Fraud Detection with Artificial Intelligence

January 02, 2005

From 1999 to 2004, I collected information on the topic of ‘Fraud detection’ on my website.

When I started this in 1999 as a research assistant at the University of Karlsruhe, there was not much information available on the topic of ‘Data Science’. Back then, it was more commonly referred to as ‘Knowledge Discovery in Databases’ (KDD) in academic circles or ‘Data Mining’ in the business world.

In november 2001 my web pages on were the site of the month (Le site du mois) of the (no longer existing) web site web-datamining.net. These pages are gone and are only available at the internet archive.

My web pages on fraud are referenced in the books

Investigative Data Mining for Security and Criminal Detection by Jesus Mena
Computer and Intrusion Forensics by George Mohay et. al.

Introduction

Due to technological advancements, more and more areas of daily life are being permeated by computers. Examples include digital communication, internet commerce (E-Commerce), and online banking.

Due to the complexity of these systems, it is very difficult and also very expensive to find all security vulnerabilities before they are operational. Criminals can thus discover security gaps and exploit them for their (often financial) advantage. For example, digital payment systems have been used for money laundering.

When technical systems are misused, methods are needed to detect this misuse and prevent further fraud.

In the field of fraud detection, user data is analyzed to reconstruct and analyze user behavior. Fraud management goes a step further and also includes preventative measures, such as stronger access controls.

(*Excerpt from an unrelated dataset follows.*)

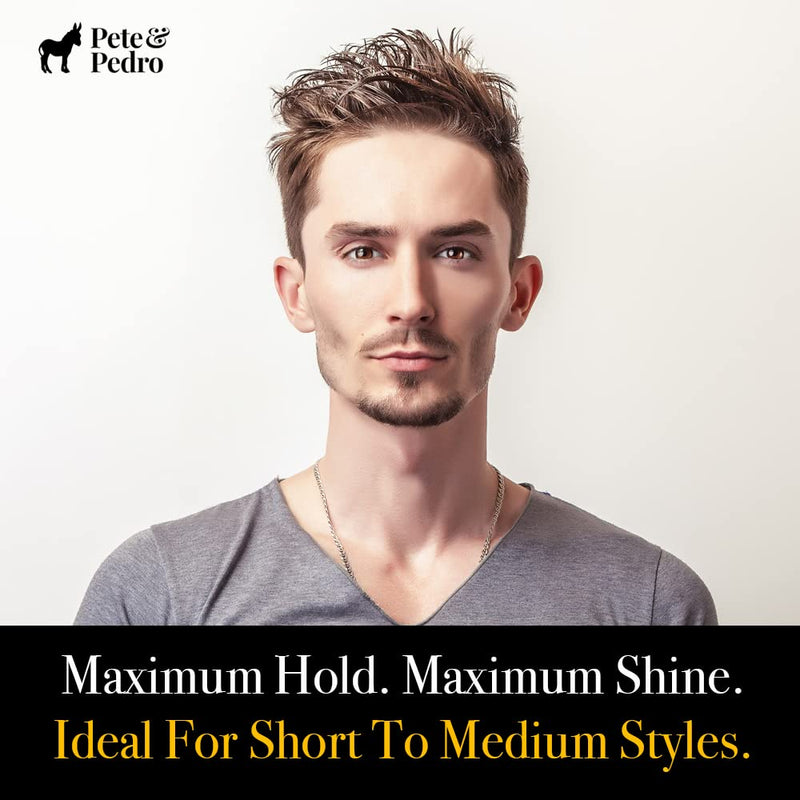 Pete & Pedro GELous - Extreme Hold Styling Hair Gel for Men | Super Strong Hold and High Shine | Gel/Paste Hybrid Provides Slick Wet Hair Look | As Seen on Shark Tank, 7 oz. e) GELous Extreme Hold Styling Gel - BeesActive Australia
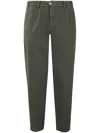 Briglia 1949 Pant Ventre Piatto Over Twill Di Cot In 绿色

Many thanks to the following individuals for their support: Heinz Cech, Tom Fawcett, Carlos Santa Cruz Fernandez, Al Guiva, Reinhold Huber, Andreas Lenk und Alexey Vasilyev.

Types of fraud

Misuse appears in various areas, but the task remains the same: Based on the available data about user behavior, fraudulent cases must be distinguished from normal cases.

The theory of fraud detection

Numerous algorithms have already been developed in the fields of Knowledge Discovery in Databases (KDD), Data Mining, Machine Learning, and Statistics.

Many of these methods are very general and have been successfully applied in various areas. However, in the field of fraud detection, there are some peculiarities that make the application of these existing methods either impossible or unprofitable.

A unique aspect is that fraud cases only constitute a very small proportion of the total data volume. In statistics, this is referred to as skewed distributions.

For each method of fraud, it is usually necessary to develop a specific detection algorithm, whose parameters must be specially adapted to this ‘pattern of fraud’.

On the other hand, fraudsters change their methods slightly, so that they are no longer detected. Therefore, the detection algorithm must be continuously adjusted.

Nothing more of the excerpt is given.